Muito já se falou a respeito das eleições do ano passado, a gente comentou um pouco disso há algumas questões. Parece, sobretudo pelo que aconteceu no último fim de semana, que a opinião pública e a população de um modo geral tendem a pressionar mais os parlamentares via mídias sociais, por exemplo. Essa percepção é correta? Quais são as consequências disso?
Bruno Carazza — Se há um lado positivo dessa polarização tão traumática que a gente vivenciou nos últimos anos, desde pelo menos o impeachment ou, se a gente for um pouco mais atrás, desde as manifestações de 2013, culminando nas eleições agora de 2018, justamente essa é a maior mobilização da sociedade em acompanhar a política brasileira.

Vejo com bons olhos o fato de que a política voltou a ser um assunto que ocupa as mesas de bar, os almoços familiares, então isso eu acho um ponto positivo. Sem dúvida nenhuma, é louvável o fato de que a população acompanhe as votações e pressione nossos representantes a respeito do seu comportamento no dia a dia, no exercício dos seus mandatos. O que é arriscado nesse processo, o que é preocupante, é o fato de certos parlamentares começarem a pautarem as suas decisões com base exclusivamente na repercussão nas redes sociais.

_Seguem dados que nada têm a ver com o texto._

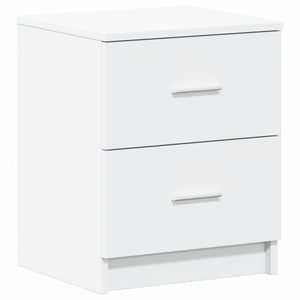 Comodino con 2 Cassetti-Tavolino da notte Bianco 40x36x50 cm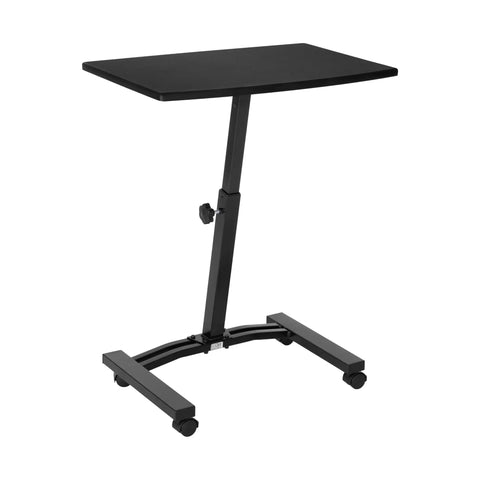 On Wheels Height Adjustable Laptop Desk For Home Office And Classroom Use, A Mobile Sit Stand Workstation With Locking Twist Knob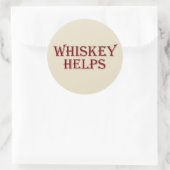 Whiskey helpt grappige alcohol gezegden whisky cit ronde sticker (Tas)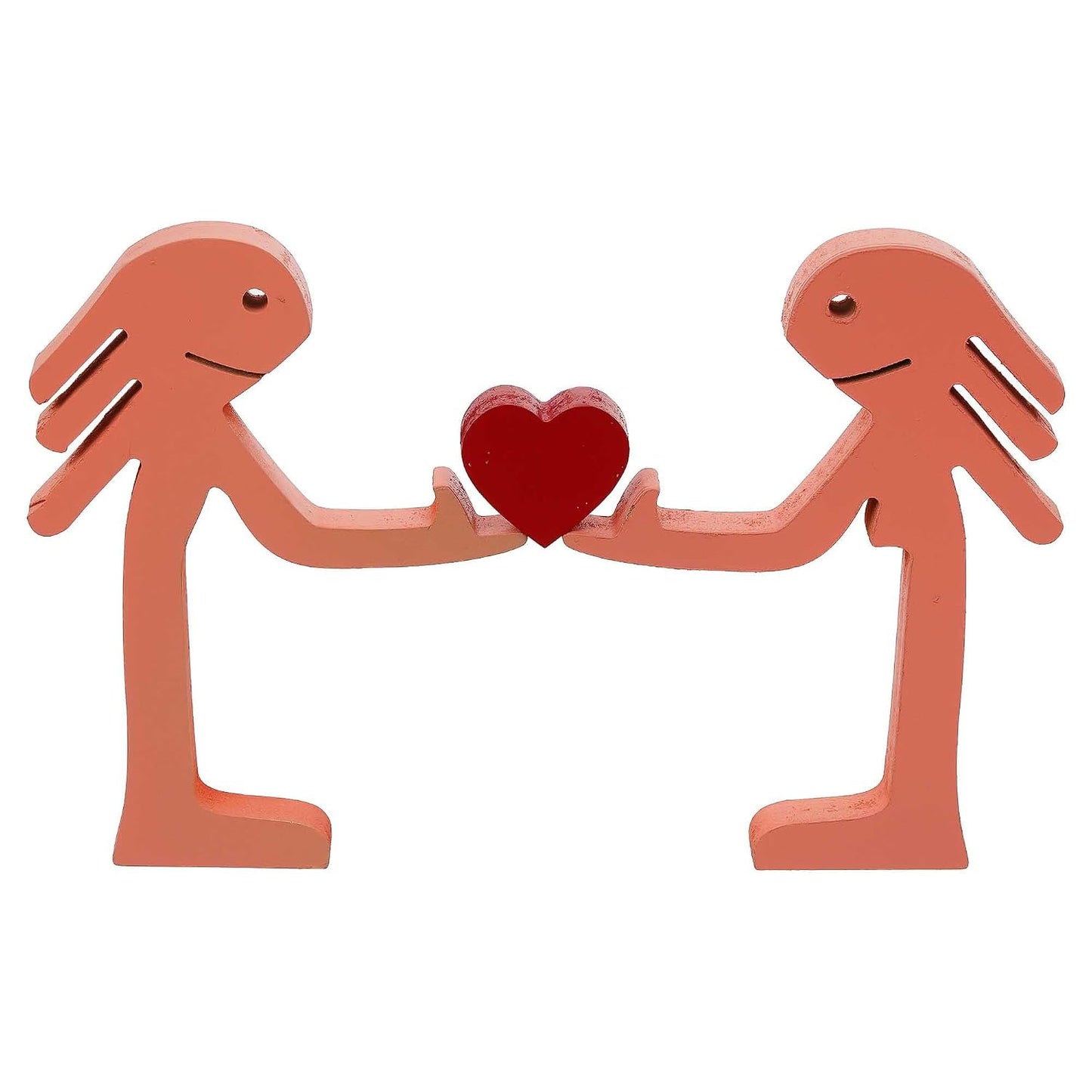 eCraftIndia Wooden Handcrafted Romantic Couple Showpiece Holding Heart | Valentine Gift for Girlfriend Boyfriend Husband Wife Special Love Her Him | Valentine Day Decoration Items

Não se trata apenas de dizer se é a favor ou contra a reforma da Previdência. A reforma da Previdência tem uma série de nuances, uma série de pontos que estão sendo colocados que têm que ser analisados, têm que ser sopesados, têm que ser balizados com números e com estudos, então quando o parlamentar começa a pautar a sua ação, a sua decisão apenas com o que as redes sociais estão sinalizando, isso gera um risco de produzirmos uma legislação que não seja ótima do ponto de vista social.